Sunday, October 18, 2009

Lila & Lateness

When they said the concert would start at 9 pm, I knew it wouldn’t start at 9 pm. Though Mexican Time still continues to mystify me (like it did here and here and here) I’m not naïve enough to think that an event would actually – gasp – begin at the advertised time.

So when we heard that Lila Downs – a Mexican singer who’s somewhat of a heroine ‘round these parts, born in a tiny town called Tlaxiaco to a Oaxacan mom and a gringo dad, verified as a star after her appearance in the movie Frida a couple of years ago and subsequent Oscar – would be playing a rare concert in her hometown at 9 pm on Friday, we jumped at the chance to go. I’d take off work at 6 pm giving us plenty of time to drive the two hours to Tlaxiaco and arrive for the show.

A week ahead of the event, the media hype began. Tlaxiaco, a town of about 17,000, wouldn’t have the infrastructure to support the onslaught of concert-goers that Lila would bring. Speculation ran wild, with estimates of 4,000 people expected to descend on the tiny town with only 1,000 hotel rooms.

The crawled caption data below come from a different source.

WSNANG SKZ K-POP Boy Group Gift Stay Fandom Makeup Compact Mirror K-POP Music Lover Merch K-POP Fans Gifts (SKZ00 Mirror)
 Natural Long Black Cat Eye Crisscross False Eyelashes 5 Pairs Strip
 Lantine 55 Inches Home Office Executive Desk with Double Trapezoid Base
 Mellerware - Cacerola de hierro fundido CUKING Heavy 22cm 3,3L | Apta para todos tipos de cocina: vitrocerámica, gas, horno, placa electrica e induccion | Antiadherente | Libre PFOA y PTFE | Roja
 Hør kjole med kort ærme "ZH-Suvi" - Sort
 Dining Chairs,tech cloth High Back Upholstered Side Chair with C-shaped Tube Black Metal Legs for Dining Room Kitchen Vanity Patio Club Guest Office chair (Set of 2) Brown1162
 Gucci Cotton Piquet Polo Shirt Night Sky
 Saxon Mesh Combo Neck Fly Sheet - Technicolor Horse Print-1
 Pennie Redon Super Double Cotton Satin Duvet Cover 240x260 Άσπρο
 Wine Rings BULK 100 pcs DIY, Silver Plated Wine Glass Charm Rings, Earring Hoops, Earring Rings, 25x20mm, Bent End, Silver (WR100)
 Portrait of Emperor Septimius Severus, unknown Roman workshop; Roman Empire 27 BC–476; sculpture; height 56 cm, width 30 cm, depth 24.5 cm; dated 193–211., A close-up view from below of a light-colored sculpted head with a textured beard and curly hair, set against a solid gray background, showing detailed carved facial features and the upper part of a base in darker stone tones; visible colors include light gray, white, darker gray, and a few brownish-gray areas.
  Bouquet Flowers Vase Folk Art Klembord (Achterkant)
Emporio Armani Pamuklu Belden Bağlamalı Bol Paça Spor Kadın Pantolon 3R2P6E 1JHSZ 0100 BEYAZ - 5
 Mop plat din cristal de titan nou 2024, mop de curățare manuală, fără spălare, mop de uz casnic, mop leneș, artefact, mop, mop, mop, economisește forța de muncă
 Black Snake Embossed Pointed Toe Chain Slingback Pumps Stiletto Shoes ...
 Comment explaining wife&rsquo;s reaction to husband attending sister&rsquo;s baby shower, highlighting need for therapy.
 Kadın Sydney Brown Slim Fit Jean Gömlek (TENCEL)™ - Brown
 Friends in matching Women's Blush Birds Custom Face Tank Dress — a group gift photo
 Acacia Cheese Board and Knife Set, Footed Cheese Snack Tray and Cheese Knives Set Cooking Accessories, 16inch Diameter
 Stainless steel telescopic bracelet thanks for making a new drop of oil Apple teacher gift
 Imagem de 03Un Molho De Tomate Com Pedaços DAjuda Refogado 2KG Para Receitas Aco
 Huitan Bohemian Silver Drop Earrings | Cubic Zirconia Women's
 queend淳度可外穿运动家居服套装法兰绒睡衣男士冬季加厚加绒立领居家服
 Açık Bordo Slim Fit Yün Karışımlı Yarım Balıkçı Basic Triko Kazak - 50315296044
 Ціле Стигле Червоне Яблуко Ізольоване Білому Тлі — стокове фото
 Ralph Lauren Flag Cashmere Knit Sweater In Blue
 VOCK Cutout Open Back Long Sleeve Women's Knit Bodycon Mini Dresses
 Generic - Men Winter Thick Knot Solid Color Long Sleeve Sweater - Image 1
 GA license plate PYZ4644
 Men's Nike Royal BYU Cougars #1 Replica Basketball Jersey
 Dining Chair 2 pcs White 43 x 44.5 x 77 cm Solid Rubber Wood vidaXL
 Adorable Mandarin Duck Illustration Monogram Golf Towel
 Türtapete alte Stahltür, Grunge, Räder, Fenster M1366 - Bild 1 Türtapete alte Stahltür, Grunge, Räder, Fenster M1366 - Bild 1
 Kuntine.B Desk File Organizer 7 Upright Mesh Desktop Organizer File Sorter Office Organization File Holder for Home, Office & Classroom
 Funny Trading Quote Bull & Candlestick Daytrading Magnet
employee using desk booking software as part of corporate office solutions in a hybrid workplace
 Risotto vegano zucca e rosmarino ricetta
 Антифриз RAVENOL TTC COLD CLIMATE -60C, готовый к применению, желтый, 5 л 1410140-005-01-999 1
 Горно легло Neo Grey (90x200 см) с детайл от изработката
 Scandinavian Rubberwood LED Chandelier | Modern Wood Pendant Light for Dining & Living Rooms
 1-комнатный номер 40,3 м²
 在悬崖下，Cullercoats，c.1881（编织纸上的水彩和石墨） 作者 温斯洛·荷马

You’d think the Beatles were coming to play live in the the Mixteca. We booked our tickets early and managed to reserve one of those precious hotel rooms.

We left Huajuapan at about 6:30 on Friday in anticipation of a great night. We’d arrive in Tlaxiaco by about 8:30, giving us time to check into our hotel, get to the concert, and maybe even grab a beer before the show. The concert wouldn’t start at 9 pm. We had plenty of time.

But we didn’t expect getting stuck in mud along the pothole-plagued mountain highway on the way to Tlaxiaco. Nor did we anticipate a parade to be blocking all of the streets when, mud-covered, we finally rolled into town – late – at 9:15 pm. We also didn’t budget for the 30 minutes it would take to reach our hotel, which wasn’t in Tlaxiaco at all, but well on the way to the next town over, across streets snarled with traffic and bits of broken parade float.

We arrived at the concert around 10 pm. Apparently Lila had gotten the message about the delay, too, because her fancy-pants truck pulled up the same time we did, allowing me to snap the fabulous “hey there, adoring fans, I’m arriving fashionably late just like you” picture above.

We were right on time. I’d finally outsmarted Mexican Time! We smugly got our tickets, found our seats, and exchanged pleasantries with the people sitting around us (who had arrived at 9 pm – suckers! – don’t you know about Mexican Time?). And we waited.

And waited and waited and waited.

We waited through as the roadies – in all of their black-hoodied coolness – untangled wires on stage. We waited through the sound check-check-check. We waited through the warming-up cacophony of the saxophone, the drums, the harp, the bass guitar and a banjo – all competing to be heard over the piped-in pop en español soundtrack designed to cover up all the noise.

10:30. 10:45. 11 o’clock. 11:15 pm.

We waited as throngs of later-than-us-but-actually-more-on-time people arrived and smugly took their seats.

Suckers! Don’t you know about Mexican Time?

At 11:30 pm, Lila finally took the stage. There is really no way to put the impact of her music into words. Suffice to say that her smoky, goosebumps-inducing voice, coupled with her kaleidoscopic Mixtec dress, made the wait completely worthwhile.

At 1 am, the concert concluded, and I, after happily violating the concert produers' no-photo policy by taking about 300 pictures, dutifully filed out of the hall with throngs of octogenarians and eight-year-olds alike, all of whom had braved the late hour to see their hometown hero. Where I come from, these folks would have been fast asleep at that time.

So, while I’m convinced that I’ll never understand Mexican Time, I’m also comforted by the fact that I’m not alone.